▶ [Work item] From the entries below, please output exactly the lines starting at the one containing "Inferno Cab Heater" and ending at the one containing "Casting First time facial for students", both included.

▶ [Input]
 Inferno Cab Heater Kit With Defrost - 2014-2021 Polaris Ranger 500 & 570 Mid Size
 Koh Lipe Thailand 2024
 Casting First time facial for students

---

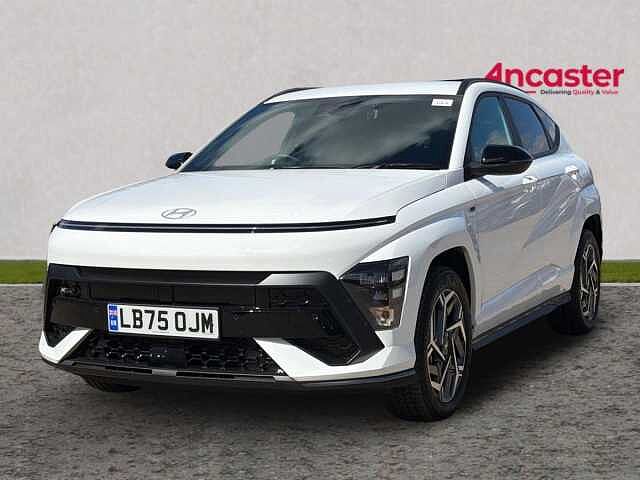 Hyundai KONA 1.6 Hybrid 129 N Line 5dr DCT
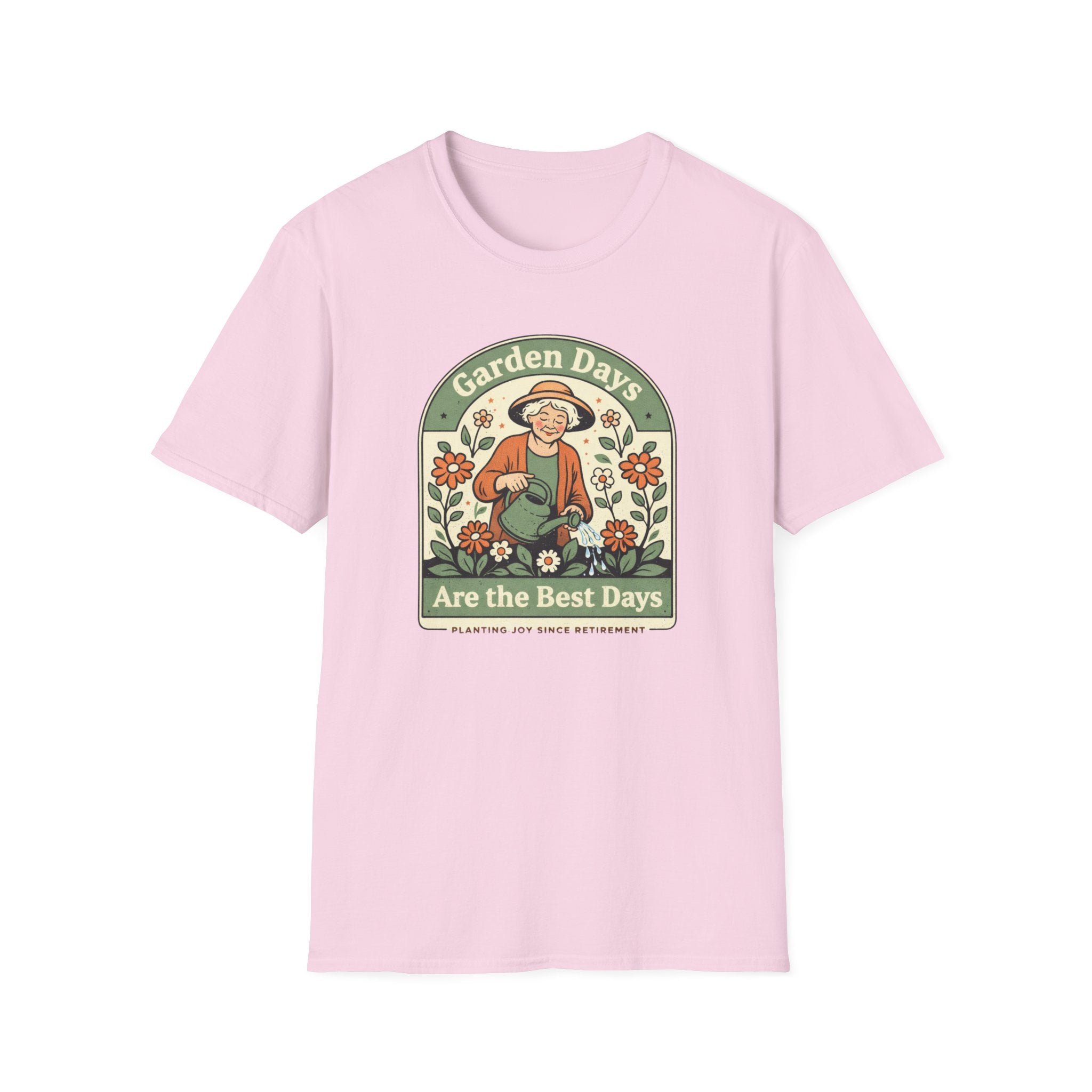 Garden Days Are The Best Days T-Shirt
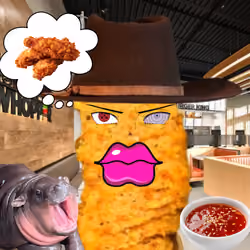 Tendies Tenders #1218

▶ [Answer box]
 Inferno Cab Heater Kit With Defrost - 2014-2021 Polaris Ranger 500 & 570 Mid Size
 Koh Lipe Thailand 2024
 Casting First time facial for students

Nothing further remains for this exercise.